Gambar 2. Model rekonstruksi data spasial dari data satelit dan fase sedimentasi dari selat Muria dan garis pantai kuno
Sumber: (Hartoko etal., 2014)

       Berdasarkan kajian Paleo-Oseanografi, daratan yang terbentuk saat ini di Utara Jawa secara historis adalah lautan pada jutaan tahun yang lalu. Daratan di Utara Jawa tersebut sebelumnya mengalami pengangkatan akibat aktifitas tektonik menjadi sebuah daratan seperti sekarang. Selain itu, proses sedimentasi juga ikut berperan dalam pembentukan daratan pada daerah Utara Jawa tersebut. Proses yang berlangsung lama ini menyatukan antara wilayah Gunung Muria, Blora, Semarang, hingga ke daerah Surakarta. Tentu saja peristiwa ini dapat dibuktikan dengan ekspedisi geologi yang biasa dilakukan di derah Grobogan, Pati, hingga daerah Sragen untuk mencari jejak-jejak fosil makhluk laut yang dapat ditemukan di daratan sebagai bukti bahwa daerah tersebut adalah lautan di masa lampau.
        Akibat dari proses sedimentasi yang berlangsung jutaan tahun ini membuat struktur tanah di Utara Jawa menjadi tidak stabil dan cenderung mengalami penurunan akibat beban yang terus bertambah di zaman sekarang. Contoh wilayah yang mengalami penurunan adalah Semarang, Demak, dan Jepara. Selain proses sedimentasi, pengambilan air tanah secara besar-besaran oleh industri yang berada di Utara Jawa pun menjadi penyebab terjadinya penurunan muka tanah. Dalam kajian ilmiah, penurunan muka tanah ini sering disebut dengan Land Subsidence.
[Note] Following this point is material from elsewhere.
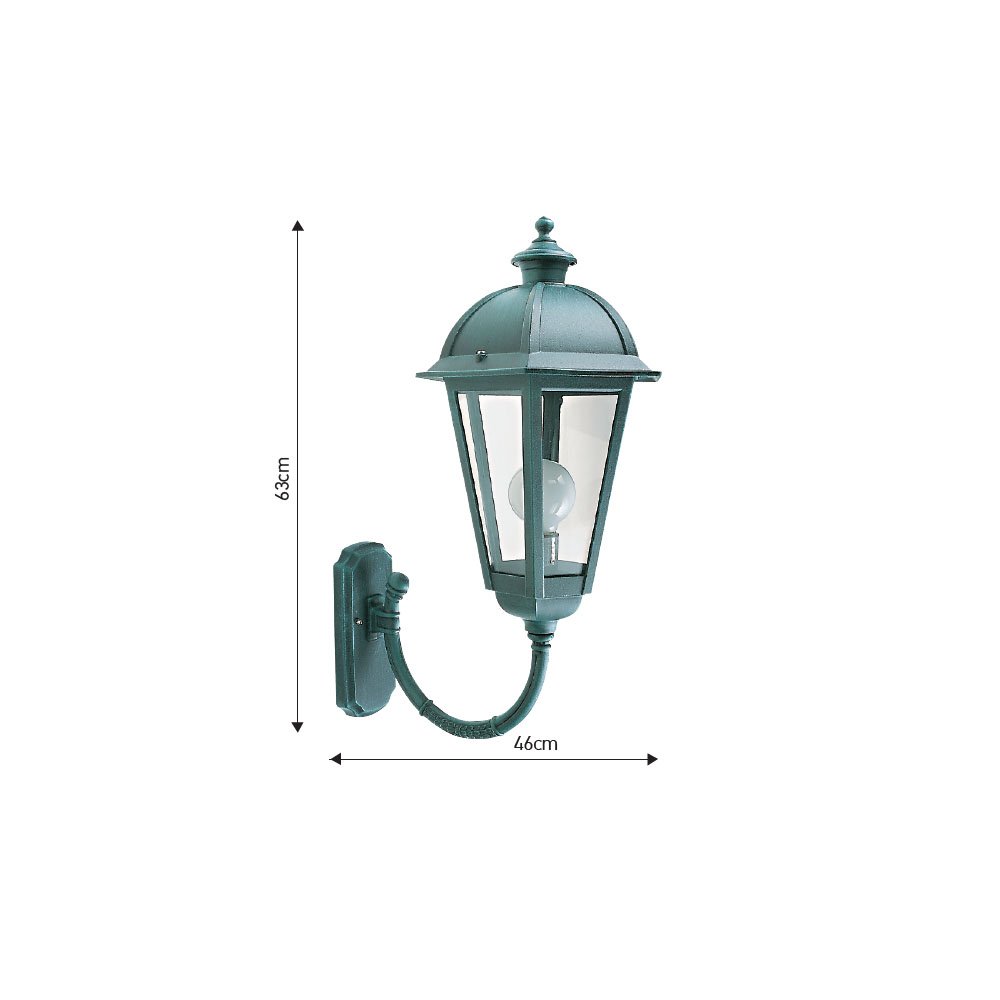 ΑΠ190 Ιταλικό Φωτιστικό - Φανάρι Εξωτερικού Χώρου Αλουμινίου ΑΠ190 - Image 1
Gambar 3. Rumah-rumah terendam oleh banjir di Kecamatan Sayung, Demak
Sumber: (Dokumentasi, 2019)

        Selain penurunan muka tanah, wilayah Utara Jawa khususnya wilayah Sayung, Demak mengalami kenaikan muka air laut akibat pemanasan global. Kenaikan muka air laut akibat pemanasan global ini semakin memperparah keadaan di wilayah tersebut. Menurut Utami et al (2017), kenaikan muka air laut di wilayah Kecamatan Sayung, Demak adalah 8,294 cm/tahun. Angka tersebut bukanlah angka yang kecil, dalam 10 tahun saja wilayah Sayung sudah tenggelam setinggi 82,94 cm apabila kita mengalikan angka tersebut dengan 10 tahun mendatang. Namun, apakah angka tersebut akan tetap bertahan seperti itu? Jawabannya adalah tidak, karena bencana ini melibatkan banyak faktor yang sangat kompleks, sehingga peramalan hingga 10 tahun pun mempunyai nilai error. 
        Akibat dari fenomena penurunan muka tanah dan kenaikan muka air laut (rob) ini menimbulkan permasalahan baru di wilayah Kecamatan Sayung ini, yaitu intrusi air laut. Intrusi air laut adalah fenomena masuknya air laut ke dalam air tanah, sehingga air tanah tersebut memiliki salinitas yang lebih tinggi dibandingkan air tawar pada umumnya. Intrusi air laut ini diperparah karena wilayah Sayung memiliki topografi yang sangat datar, kemiringan sungai yang sangat kecil, terdapat lahan-lahan tambak di pesisir, serta terjadinya kemunduran garis pantai. Menurut penelitian daya hantar listrik untuk mengetahui intrusi air laut yang dilakukan oleh Darmanto (2013) menunjukan bahwa di wilayah sekitar sungai Demangan, Kecamatan Sayung yang memiliki jarak lebih dari 4km dari muara sungai memiliki nilai daya hantar listrik sebesar 5700 uS/cm. Angka daya hantar listrik tersebut memiliki arti bahwa pada wilayah sekitar sungai Demangan, Kecamatan Sayung memiliki air dengan rasa payau, bukan tawar. Hal ini menunjukan bahwa intrusi air laut di wilayah tersebut sudah sangat jauh masuk ke daratan.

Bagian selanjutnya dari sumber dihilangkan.